> [What to produce] For this exercise, an exact copy is needed of only the lines from the one containing "Schmied Tasse mit" through the end of the data, with pictures left out.

***** Supplied data *****

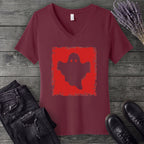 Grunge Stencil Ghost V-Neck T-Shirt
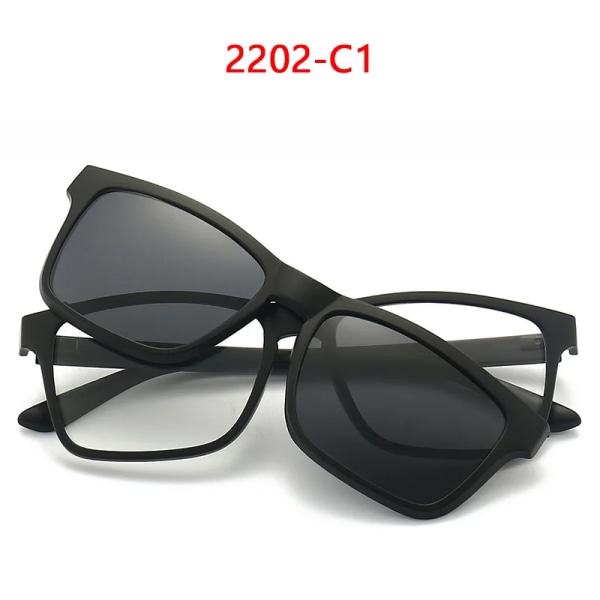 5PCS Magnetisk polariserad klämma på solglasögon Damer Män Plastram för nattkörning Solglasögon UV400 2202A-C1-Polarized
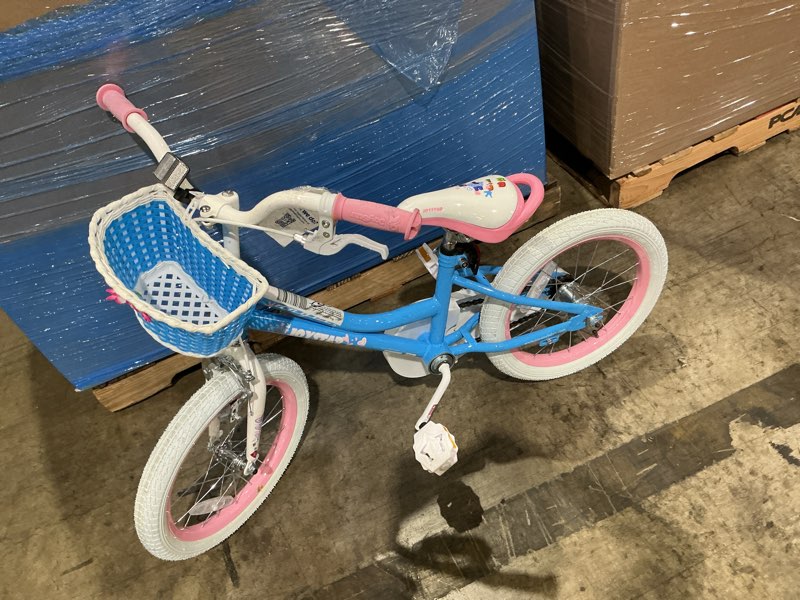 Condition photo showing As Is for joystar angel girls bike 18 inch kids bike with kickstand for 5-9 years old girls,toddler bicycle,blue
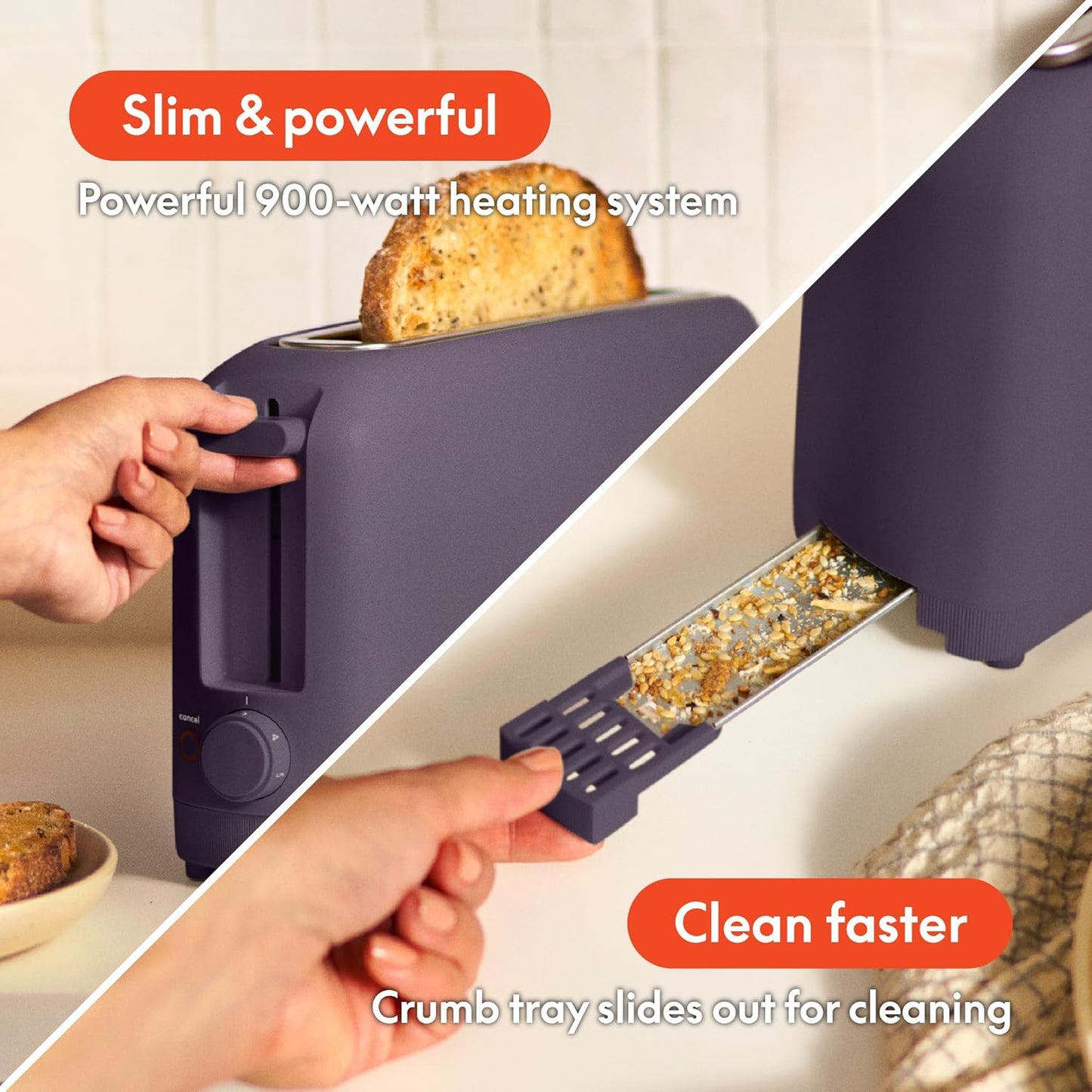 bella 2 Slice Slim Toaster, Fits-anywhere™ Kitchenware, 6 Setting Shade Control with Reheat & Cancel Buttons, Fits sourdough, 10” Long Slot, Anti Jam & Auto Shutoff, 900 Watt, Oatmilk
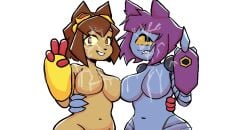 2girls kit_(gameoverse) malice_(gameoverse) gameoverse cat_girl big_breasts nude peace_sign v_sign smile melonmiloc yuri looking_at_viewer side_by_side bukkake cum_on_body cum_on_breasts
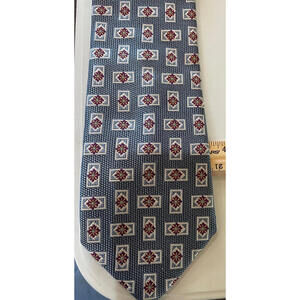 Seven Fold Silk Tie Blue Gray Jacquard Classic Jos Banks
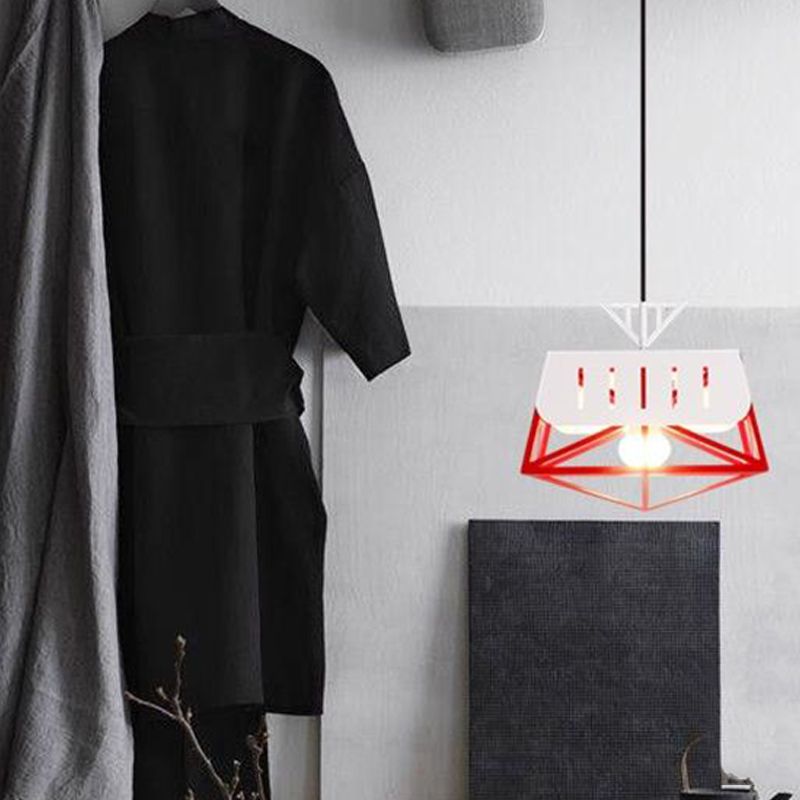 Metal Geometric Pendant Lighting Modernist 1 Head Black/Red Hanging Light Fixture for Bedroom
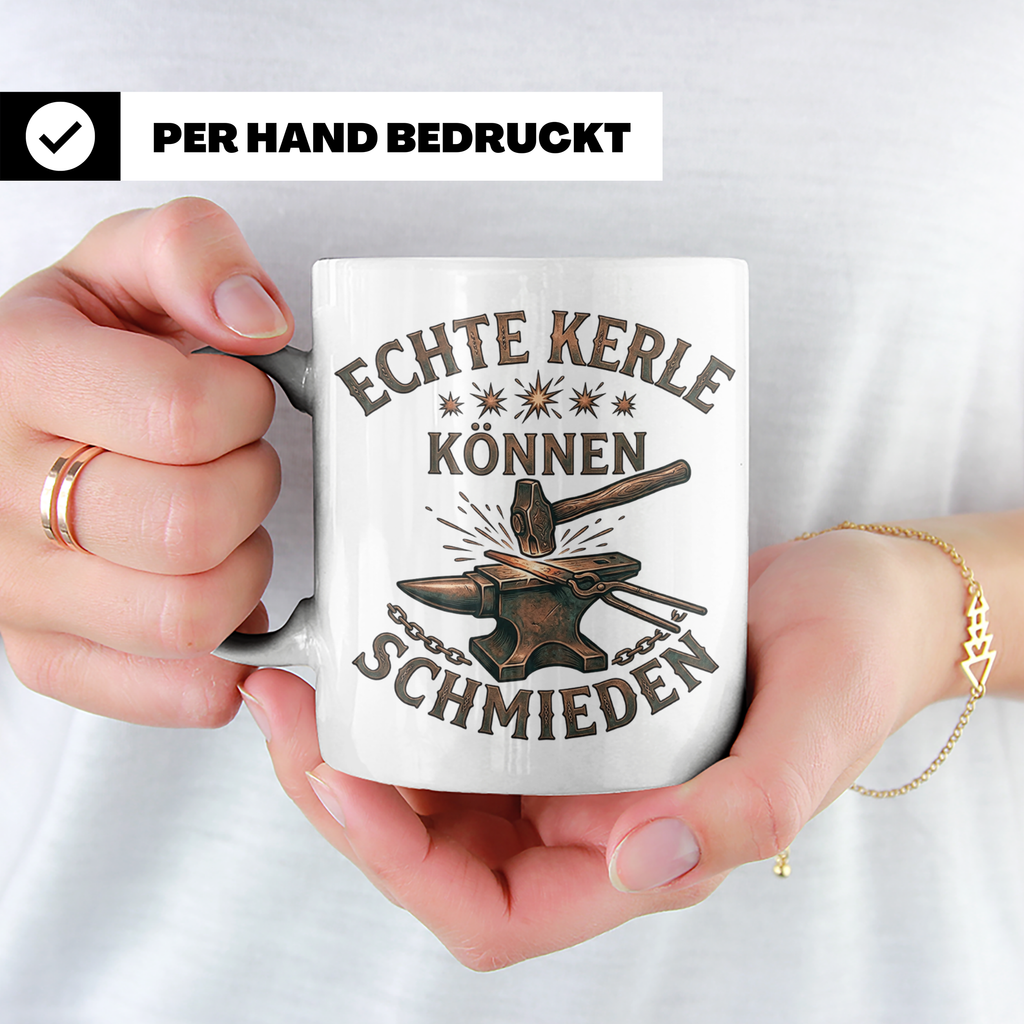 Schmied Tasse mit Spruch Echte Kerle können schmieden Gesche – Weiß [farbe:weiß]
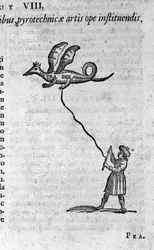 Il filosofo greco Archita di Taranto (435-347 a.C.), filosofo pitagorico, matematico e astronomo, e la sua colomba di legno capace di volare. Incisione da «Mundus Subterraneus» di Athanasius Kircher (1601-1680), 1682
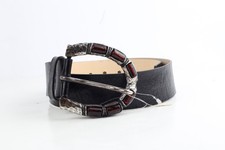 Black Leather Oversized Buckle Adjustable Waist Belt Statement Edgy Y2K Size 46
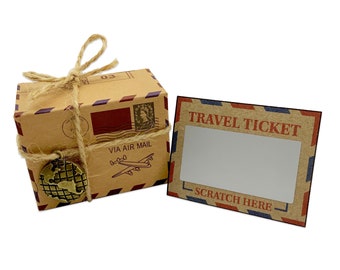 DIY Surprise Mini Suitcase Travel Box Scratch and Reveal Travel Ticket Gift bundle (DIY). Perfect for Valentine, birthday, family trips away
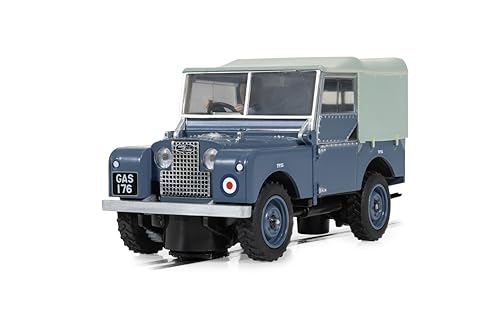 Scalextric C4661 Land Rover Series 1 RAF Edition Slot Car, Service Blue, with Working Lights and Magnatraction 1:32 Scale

*****

> [Response area]
 Schmied Tasse mit Spruch Echte Kerle können schmieden Gesche – Weiß [farbe:weiß]
 Il filosofo greco Archita di Taranto (435-347 a.C.), filosofo pitagorico, matematico e astronomo, e la sua colomba di legno capace di volare. Incisione da «Mundus Subterraneus» di Athanasius Kircher (1601-1680), 1682
 Black Leather Oversized Buckle Adjustable Waist Belt Statement Edgy Y2K Size 46
 DIY Surprise Mini Suitcase Travel Box Scratch and Reveal Travel Ticket Gift bundle (DIY). Perfect for Valentine, birthday, family trips away
 Scalextric C4661 Land Rover Series 1 RAF Edition Slot Car, Service Blue, with Working Lights and Magnatraction 1:32 Scale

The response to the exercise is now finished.